I live in nw ohio. Near the ohio, indiana, michigan line. I dont mind driving. Knitting is my passion


----------



## TeriRains (Jan 26, 2011)

I live near Toledo and would love to meet others. What information do you need to include me?


----------



## madjac (May 16, 2011)

I'm in Albany (near Athens). No longer drive. Love to get in touch with others in my area.


----------



## lesternewton (May 24, 2012)

Sounds interesting to me. I live in Southwestern Penna. just a few miles from East Liverpool and from East Palestine in the other direction. Please keep me posted.


----------



## Kranish (Sep 5, 2012)

I'm in Akron Ohio. I didn't get a PM so add me please to keep me posted.


----------



## M1GNON (May 3, 2012)

Didn't get a PM but am definitely interested. I'm in Dayton Ohio.


----------



## pinkllamalinda (Dec 17, 2011)

I host a group of knitter/spinners called "The Spin Chicks" in the Marysville, Ohio area (about 40 miles NW of Columbus). Would love to meet others!


----------



## Normagw (Mar 4, 2012)

I Live near Youngstown, Ohio.


----------



## mgurdial (Nov 11, 2011)

I live in Mt. Vernon OH


----------



## Barrbelle (Oct 29, 2011)

I divide my time between two Ohio locations: Bellville (near Mansfield) and Minster (near Sidney). Would try to attend any gatherings in either area. Thanks!


----------



## iowadaughter (Apr 30, 2012)

I see you're in Wooster...I'm in Millersburg and would enjoy getting together with others in the area. Thanks for getting this started.


----------



## knitwit549 (Oct 10, 2012)

Didn't get a PM, but would be interested. I'm in the Cincinnati area.


----------



## Karen M1 (Aug 15, 2011)

I am in Lancaster, 20 miles SE of Columbus.


----------



## NellieKnitter (Sep 10, 2012)

MZ Molly, I already see 4 KPers that might find the Toledo area a good central location for a meeting.. How exciting!


----------



## Mz Molly (May 31, 2012)

NellieKnitter said:


> MZ Molly, I already see 4 KPers that might find the Toledo area a good central location for a meeting.. How exciting!
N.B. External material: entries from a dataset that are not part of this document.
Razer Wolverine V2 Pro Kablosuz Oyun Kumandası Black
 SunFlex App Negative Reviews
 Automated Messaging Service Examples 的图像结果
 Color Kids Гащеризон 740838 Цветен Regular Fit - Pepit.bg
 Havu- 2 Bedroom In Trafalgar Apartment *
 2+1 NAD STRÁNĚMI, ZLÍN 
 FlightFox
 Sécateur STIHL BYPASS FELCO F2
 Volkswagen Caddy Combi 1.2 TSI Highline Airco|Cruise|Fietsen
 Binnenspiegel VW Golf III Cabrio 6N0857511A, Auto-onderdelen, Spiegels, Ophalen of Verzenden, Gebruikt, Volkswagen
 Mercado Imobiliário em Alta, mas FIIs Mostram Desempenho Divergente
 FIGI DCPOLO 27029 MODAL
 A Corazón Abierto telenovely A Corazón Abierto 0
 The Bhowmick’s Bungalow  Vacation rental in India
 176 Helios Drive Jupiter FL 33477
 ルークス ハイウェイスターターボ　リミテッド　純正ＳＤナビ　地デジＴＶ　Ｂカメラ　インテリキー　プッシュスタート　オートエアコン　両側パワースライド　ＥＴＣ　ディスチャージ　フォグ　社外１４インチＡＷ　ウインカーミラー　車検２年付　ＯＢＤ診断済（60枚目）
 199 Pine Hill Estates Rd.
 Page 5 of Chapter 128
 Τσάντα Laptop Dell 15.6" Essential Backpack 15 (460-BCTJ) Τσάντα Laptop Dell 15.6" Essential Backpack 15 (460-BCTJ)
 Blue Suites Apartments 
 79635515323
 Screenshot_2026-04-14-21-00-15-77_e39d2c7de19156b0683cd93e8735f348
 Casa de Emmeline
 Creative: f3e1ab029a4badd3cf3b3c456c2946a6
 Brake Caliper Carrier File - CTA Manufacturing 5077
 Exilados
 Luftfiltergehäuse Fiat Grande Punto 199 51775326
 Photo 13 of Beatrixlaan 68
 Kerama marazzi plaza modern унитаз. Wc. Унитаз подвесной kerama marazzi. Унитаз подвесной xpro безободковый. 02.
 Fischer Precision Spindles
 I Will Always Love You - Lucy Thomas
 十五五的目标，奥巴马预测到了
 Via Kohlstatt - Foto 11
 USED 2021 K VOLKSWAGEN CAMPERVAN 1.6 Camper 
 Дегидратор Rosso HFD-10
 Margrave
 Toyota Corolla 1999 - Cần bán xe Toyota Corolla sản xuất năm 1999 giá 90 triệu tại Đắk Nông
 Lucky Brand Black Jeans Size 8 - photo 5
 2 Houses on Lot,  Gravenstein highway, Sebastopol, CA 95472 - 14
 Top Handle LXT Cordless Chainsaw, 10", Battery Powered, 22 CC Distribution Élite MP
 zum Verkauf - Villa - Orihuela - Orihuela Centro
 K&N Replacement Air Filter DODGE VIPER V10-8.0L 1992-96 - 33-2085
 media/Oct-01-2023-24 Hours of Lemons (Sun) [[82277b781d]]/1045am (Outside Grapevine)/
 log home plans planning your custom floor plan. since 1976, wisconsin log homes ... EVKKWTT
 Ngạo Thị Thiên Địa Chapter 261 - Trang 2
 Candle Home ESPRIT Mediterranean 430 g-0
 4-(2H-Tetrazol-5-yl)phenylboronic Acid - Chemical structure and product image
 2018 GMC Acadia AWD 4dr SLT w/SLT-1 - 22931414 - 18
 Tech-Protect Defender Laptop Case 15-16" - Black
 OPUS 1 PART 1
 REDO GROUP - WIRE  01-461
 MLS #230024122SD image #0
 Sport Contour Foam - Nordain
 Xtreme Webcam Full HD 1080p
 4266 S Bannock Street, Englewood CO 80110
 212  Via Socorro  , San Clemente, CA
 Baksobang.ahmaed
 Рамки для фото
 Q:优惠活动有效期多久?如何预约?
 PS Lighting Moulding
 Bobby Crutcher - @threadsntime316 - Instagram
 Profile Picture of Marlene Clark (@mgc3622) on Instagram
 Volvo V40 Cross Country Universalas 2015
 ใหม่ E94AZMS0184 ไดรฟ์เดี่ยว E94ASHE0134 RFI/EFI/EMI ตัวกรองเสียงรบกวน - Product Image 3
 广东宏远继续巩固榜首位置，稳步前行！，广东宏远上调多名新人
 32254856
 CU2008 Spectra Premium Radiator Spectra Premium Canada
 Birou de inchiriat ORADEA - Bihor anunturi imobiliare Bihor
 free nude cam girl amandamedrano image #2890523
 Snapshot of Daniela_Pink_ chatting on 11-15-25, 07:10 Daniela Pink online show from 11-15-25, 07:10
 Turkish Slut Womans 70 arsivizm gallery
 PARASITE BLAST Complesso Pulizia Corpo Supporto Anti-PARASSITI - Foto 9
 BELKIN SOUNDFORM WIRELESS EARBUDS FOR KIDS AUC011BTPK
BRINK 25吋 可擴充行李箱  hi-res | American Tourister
Wow. We still have 25 kpers not identified where we sent a PM to them inviting them to take part. This is only the second or third day so I figure in a week we will have had every one reply then we can begin to break them into smaller groups.

We have 112 contacts with 59 already on board. Wow. that is 50% Whooopie!


----------



## momanna (Nov 12, 2011)

I live near Kings Island, South of Dayton, North of Cincinnati. Might be interested in the Spring. Don't drive, so have to tow hubby with me.


----------



## Zlata (Feb 21, 2012)

I'm from the Piqua - Troy area near Dayton and would be interested in attending. I too did not get a PM.


----------



## jpaxton48 (May 26, 2012)

Didnt get pm. but interested. I live south of Toledo. Jan


----------



## Sandi1 (Apr 15, 2011)

I live in Toledo but do not drive, but would be interested in meeting other kp'ers like myself. I am an obsessed knitter. Absolutely love this site. It helps my sanity.


----------



## Linda6594 (Mar 14, 2012)

I am in Mansfield and would love to get together


----------



## hilde (Mar 1, 2011)

Gee I live in Cincinnati also. I sure hope we get to have one not too far. There are many Ohioans. Nice to see . I am in Cheviot , Ohio.


----------



## Barrbelle (Oct 29, 2011)

Linda,
I am in Bellville part of each month, so look forward to getting this going as well -- we'll meet soon I hope. Sharon Barr


----------



## Linda6594 (Mar 14, 2012)

Looking forward to that Thank you


----------



## ParkerEliz (Mar 21, 2011)

I'm only about 45 minutes NW of Toledo myself!


----------



## Educatorinohio (Jan 27, 2013)

Newark, Ohio here-am a novice but would enjoy this!


----------



## willowsfan (Jul 25, 2011)

I'm on the east side of Columbus and would be interested.


----------



## purplerose (Dec 5, 2011)

yes, i would like to know more about it. i live in niles (n.e.) my email is [email protected]


----------



## kateon (Jan 31, 2011)

Hi Mz Molly, I didn't get a PM, but I don't get on every day. (And here it is late on 2/5 and I'm just reading 1/31.) Don't know where Wooster is; I'm in Cincinnati right near I-275. I'm in a delightful knitting club attached to an LYS. Is any of this appropriate to where you are and what you'd like to do? I'd like to meet fellow Ohio knitters! I look forward to hearing from you. Kathleen


----------



## knitwit549 (Oct 10, 2012)

Just found out from a co-worker about a new textile, yarn shop in North College Hill, OH. Silk road textiles. they have oen knitting/crocheting every thursday night. And Sip & Stitch every last tuesday, 6-8:30 pm.


----------



## TeriRains (Jan 26, 2011)

Has anything come out of this yet? Would love to meet others!


----------



## NellieKnitter (Sep 10, 2012)

I have been watching for updates too. I'm sure she's just busy, as we all are, but if we don't hear something soon, I guess we could arrange to meet for coffee or lunch. I am in Sylvania.


----------



## momanna (Nov 12, 2011)

I would like to recommend meeting at Der Dutchman. There are multiple locations centrally located in Ohio. They have meeting rooms and a GREAT lunch buffet. I'll be out of town for March, but am available in April. Looking forward to meeting up.


----------



## purplerose (Dec 5, 2011)

where is maineville? i am in niles, near youngstown, near pa. border


----------



## NellieKnitter (Sep 10, 2012)

That would be great for some larger meetings, but personally, I was thinking of some more frequent meetings more in my local area. I know there are several people within 15 to 20 miles of my location and also KPers in southern Michigan and possibly eastern Indiana.


----------



## purplerose (Dec 5, 2011)

where is college hill?


----------



## NellieKnitter (Sep 10, 2012)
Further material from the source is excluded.